When planning a preaching calendar, don’t forget a key resource – your target audience.  I heard of one pastor who would ask his congregation for passages or doctrines they found hard to understand, then would schedule a series responding to those subjects the following summer.  The advantages included that people felt their needs were taken seriously, they attended purposefully in the summer (rather than slacking in attendance), and it forced the preacher to go where he might naturally steer clear.

It’s an intriguing idea.  Have you ever done something similar?  How did it go?

Invest Some Time to Save Hours

Perhaps you are in charge of the preaching calendar.  Perhaps you are not, but sometimes get called on to preach.  Either way, it is worth investing time ahead of time to plan out some preaching plans.  Considering the needs of the people and how those might best be addressed from the Bible is an exercise well worth the effort and prayer you’ll put in.  Equally, listing out a set of sermons that you would like to prepare and preach is worth it even if you are only an occasional preacher.

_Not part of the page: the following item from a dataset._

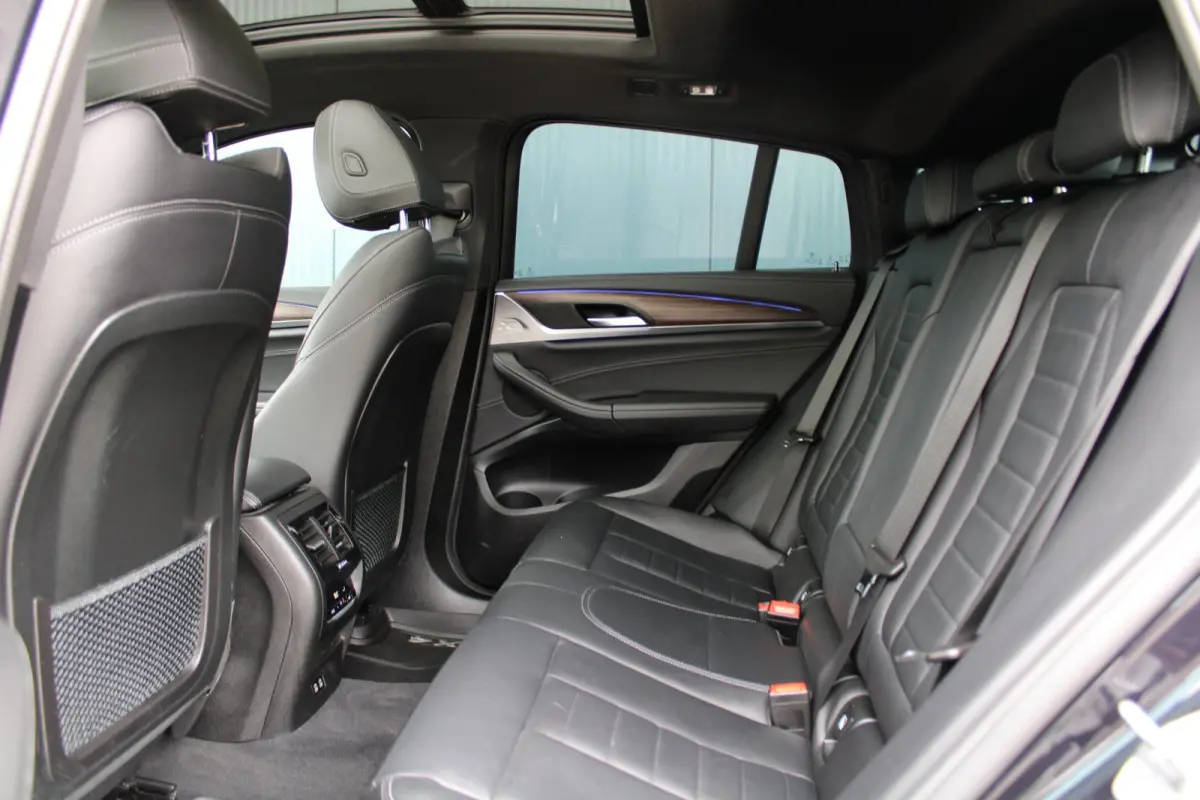 M40i M-sport | panoramadak | head-up display | 360 camera | elektrische trekhaak | keyless entry | NL auto | 354 PK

Consider the alternative.  Without a preaching calendar you’ll find that Monday brings an impending sense of pressure.  Without a list of future sermons, an invitation to preach brings a tightness to the chest.  So many preachers waste so much time stressing about what they should preach next.  That time could better be invested in the next message’s preparation.  Whether you are picking a text or preparing to preach that text, you should be leaning on the Holy Spirit – so surely it is better to be preparing the message?  Whether you plan a year out or a week out, either way you should be relying on the Spirit of God to help you.

So don’t act like those hours of stress is a spiritual approach to an otherwise cold and professional approach.  Instead prayerfully plan ahead, thereby giving the Spirit more time to help you be ready when that Sunday finally arrives.  You can always change plans closer to the time, but changing plans is different than having no plans and all the stress that comes with it!